TO DO
Please copy each line of the data that includes the string "Bear".

DATA

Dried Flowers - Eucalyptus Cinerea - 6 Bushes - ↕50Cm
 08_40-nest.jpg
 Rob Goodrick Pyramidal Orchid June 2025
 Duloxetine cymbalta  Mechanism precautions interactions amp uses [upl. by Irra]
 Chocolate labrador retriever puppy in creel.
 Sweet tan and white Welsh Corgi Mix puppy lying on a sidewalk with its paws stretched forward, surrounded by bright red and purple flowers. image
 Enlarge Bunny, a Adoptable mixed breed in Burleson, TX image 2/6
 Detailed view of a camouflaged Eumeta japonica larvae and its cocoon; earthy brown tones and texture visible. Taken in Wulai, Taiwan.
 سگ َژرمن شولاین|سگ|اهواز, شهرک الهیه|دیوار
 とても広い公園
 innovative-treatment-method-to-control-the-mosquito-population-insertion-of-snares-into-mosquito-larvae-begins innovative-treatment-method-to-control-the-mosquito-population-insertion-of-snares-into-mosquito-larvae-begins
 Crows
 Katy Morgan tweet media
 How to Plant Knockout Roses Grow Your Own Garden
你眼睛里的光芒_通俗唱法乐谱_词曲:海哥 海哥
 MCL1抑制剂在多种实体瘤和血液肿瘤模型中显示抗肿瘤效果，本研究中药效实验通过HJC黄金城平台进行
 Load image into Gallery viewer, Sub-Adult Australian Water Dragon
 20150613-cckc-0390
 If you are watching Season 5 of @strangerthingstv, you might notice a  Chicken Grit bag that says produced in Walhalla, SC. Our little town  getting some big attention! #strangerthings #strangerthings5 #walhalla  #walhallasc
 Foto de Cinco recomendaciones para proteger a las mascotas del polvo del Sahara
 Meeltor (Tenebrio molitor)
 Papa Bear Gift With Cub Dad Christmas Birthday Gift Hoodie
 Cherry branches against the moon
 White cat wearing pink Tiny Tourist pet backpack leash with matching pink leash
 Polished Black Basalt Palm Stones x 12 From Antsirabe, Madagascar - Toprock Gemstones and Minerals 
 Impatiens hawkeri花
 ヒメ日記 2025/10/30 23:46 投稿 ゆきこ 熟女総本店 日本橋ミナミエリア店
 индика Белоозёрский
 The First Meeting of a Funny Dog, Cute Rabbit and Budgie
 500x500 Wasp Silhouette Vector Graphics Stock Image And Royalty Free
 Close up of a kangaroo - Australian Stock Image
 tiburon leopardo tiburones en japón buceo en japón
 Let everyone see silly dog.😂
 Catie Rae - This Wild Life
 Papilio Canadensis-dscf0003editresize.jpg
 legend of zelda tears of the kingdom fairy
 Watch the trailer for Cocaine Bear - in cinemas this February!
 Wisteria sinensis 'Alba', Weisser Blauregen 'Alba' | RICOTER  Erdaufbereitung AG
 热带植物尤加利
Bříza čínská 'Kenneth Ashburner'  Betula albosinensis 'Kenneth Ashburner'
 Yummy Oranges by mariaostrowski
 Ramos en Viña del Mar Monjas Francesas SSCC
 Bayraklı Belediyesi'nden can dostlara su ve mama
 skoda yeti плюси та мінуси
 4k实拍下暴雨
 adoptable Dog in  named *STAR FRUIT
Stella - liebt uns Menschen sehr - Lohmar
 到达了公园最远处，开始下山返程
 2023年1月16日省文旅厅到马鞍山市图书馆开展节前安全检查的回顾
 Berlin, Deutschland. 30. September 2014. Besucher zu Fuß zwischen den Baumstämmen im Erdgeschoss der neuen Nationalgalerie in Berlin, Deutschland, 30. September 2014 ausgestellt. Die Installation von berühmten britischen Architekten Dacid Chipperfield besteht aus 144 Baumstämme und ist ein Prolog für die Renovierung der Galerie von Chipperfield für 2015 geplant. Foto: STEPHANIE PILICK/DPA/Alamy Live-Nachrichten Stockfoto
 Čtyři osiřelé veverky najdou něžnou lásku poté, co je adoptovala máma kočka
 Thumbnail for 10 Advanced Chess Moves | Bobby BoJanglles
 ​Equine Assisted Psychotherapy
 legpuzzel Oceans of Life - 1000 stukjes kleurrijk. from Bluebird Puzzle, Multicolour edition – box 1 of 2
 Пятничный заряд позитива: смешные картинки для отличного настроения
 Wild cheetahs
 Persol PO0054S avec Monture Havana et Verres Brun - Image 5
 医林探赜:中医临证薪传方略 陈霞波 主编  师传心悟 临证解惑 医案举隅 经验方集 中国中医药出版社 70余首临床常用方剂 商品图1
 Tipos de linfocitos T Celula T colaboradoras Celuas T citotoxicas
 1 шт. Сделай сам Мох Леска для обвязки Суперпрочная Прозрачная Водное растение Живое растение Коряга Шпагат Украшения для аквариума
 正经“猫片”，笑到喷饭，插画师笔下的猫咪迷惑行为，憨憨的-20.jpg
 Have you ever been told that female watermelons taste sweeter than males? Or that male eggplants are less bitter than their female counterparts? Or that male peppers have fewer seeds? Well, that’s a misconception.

SOLUTION FOR THIS PROBLEM
 Papa Bear Gift With Cub Dad Christmas Birthday Gift Hoodie
 Watch the trailer for Cocaine Bear - in cinemas this February!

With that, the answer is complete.